The mechanism is straightforward once you see it. Ask LLaMA for the melting point of a real compound and it draws on stored knowledge, producing varied formulations: "approximately 1,535 degrees Celsius" in one branch, "around 1,535 C, typical for iron" in another. The answers converge on the same number but diverge in expression. Ask it for the melting point of a fictional compound and it generates "approximately 1,247 degrees Celsius" in one branch, "around 892 degrees Celsius" in another, "roughly 1,580 degrees Celsius" in a third. The sentence structure is nearly identical every time — the same template, the same hedge words, the same confident tone — while the actual numbers vary freely.

This is frozen form with random content. The model locks onto the strongest available syntactic template because there is no factual anchor to constrain the output. The numbers are invented independently in each branch, but the linguistic scaffolding is recycled verbatim. sim_final, which measures vector-space similarity between branches, picks up the frozen form and registers it as high coherence.

Gemma is the sole exception. Its GeGLU gating architecture produces slightly higher coherence for factual outputs than confabulated ones — a reversal that appears specific to this activation function variant.

Per-model calibration: one threshold does not fit all

Fig 3 — GSI_HX / GSI_A ratio per model. Lower = cleaner separation. Dashed line at 0.25.

The confabulation ratio — GSI for confabulation-forcing queries divided by GSI for factual queries — varies nearly four-fold across architectures. OLMo-2 achieves the cleanest separation at 0.113: its confabulation GSI is barely one-tenth of its factual GSI. This is remarkable because OLMo-2 was the weakest model in the TES1 binary classification tests. It turns out that a model can be poor at producing correct answers while being excellent at signaling when it has no answer to give.

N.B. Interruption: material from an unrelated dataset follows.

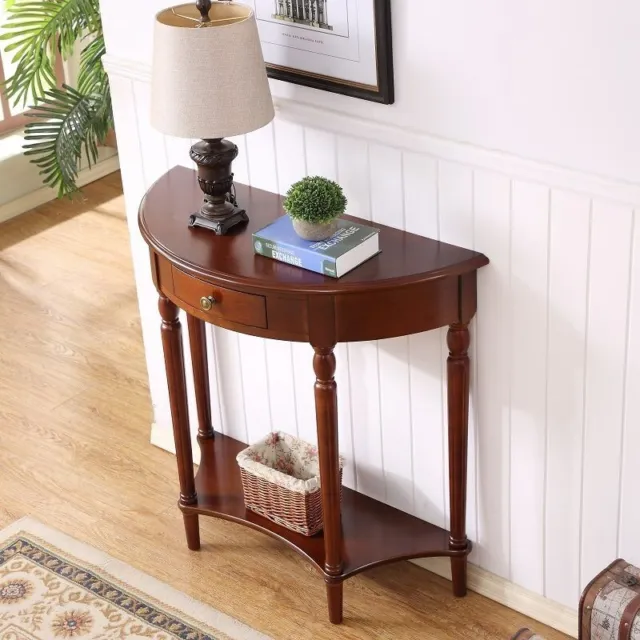 Wood Console Table with Drawers and Floor Shelf - Classic Half-circle Design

At the other end, Bielik-Base sits at 0.416 — its confabulation signal is nearly half its factual signal. The separation is still statistically significant (d = 1.28), but a deployment threshold set at OLMo-2 levels would fail catastrophically on Bielik. Only two models fall below the 0.25 dashed line in the chart: LLaMA (0.224) and OLMo-2 (0.113). The remaining six cluster between 0.29 and 0.42.

The practical implication is direct: any system deploying GSI-based confabulation detection must calibrate per model. A universal threshold does not exist. Each architecture distributes its gate activations differently, and the ratio between factual and confabulation GSI is a fingerprint of that distribution.

Two-signal detection: GSI catches confabulation before it happens (~3ms). sim_final confirms it after (~100ms, 3x inference). The two signals are statistically independent (Spearman r = 0.09–0.19). Together they form a layered detector that works without ground truth and without training a classifier.

GSI detects Type 1 confabulation — the absence of knowledge. When the model has no stored memory for a query, the gates fire diffusely, and GSI drops. But it cannot detect Type 2 confabulation, where the model has stored incorrect knowledge. Wrong facts look identical to correct facts in the FFN gates: both produce sparse, selective activations. Nor can it detect Type 3 confabulation — reasoning errors that occur downstream of the gates, in the attention and residual stream. These boundaries are intrinsic to the mechanism. GSI reads the address book, not the content at the address.

What it does detect, it detects with unprecedented clarity. Eight models, five organizations, 300 queries per model. Cohen's d values from 1.28 to 2.43, every one significant at p < 0.001. A single forward pass, no classifier, no ground truth. The empty drawer speaks before the model does.